■ **Exercise description**
Would you copy the line that includes "猴子的品种尖嘴猴腮长尾猴图片大全" and every line that follows it, down to the last line of the listing below, exactly as they stand?

■ **Material shown**

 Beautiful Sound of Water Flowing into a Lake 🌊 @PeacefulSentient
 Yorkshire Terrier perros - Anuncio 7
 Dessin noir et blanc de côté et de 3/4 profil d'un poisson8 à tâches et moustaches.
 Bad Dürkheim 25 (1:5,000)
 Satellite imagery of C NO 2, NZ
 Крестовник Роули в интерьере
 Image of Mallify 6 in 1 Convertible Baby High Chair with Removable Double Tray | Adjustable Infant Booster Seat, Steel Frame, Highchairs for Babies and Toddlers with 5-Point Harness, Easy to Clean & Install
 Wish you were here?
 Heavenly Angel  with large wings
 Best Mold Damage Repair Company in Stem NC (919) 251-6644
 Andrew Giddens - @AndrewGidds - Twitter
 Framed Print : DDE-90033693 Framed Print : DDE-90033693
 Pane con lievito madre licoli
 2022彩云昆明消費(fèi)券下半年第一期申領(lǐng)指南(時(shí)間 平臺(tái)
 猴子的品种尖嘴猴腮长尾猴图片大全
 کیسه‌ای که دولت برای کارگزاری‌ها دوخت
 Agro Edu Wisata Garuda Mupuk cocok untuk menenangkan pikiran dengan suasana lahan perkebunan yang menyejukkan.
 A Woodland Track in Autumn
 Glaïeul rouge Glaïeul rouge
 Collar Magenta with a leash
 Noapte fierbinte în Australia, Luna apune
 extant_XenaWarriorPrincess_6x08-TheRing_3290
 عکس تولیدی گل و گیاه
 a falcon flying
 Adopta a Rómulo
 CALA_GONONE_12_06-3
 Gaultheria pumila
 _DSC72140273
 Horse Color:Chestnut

■ **Task solution**
 猴子的品种尖嘴猴腮长尾猴图片大全
 کیسه‌ای که دولت برای کارگزاری‌ها دوخت
 Agro Edu Wisata Garuda Mupuk cocok untuk menenangkan pikiran dengan suasana lahan perkebunan yang menyejukkan.
 A Woodland Track in Autumn
 Glaïeul rouge Glaïeul rouge
 Collar Magenta with a leash
 Noapte fierbinte în Australia, Luna apune
 extant_XenaWarriorPrincess_6x08-TheRing_3290
 عکس تولیدی گل و گیاه
 a falcon flying
 Adopta a Rómulo
 CALA_GONONE_12_06-3
 Gaultheria pumila
 _DSC72140273
 Horse Color:Chestnut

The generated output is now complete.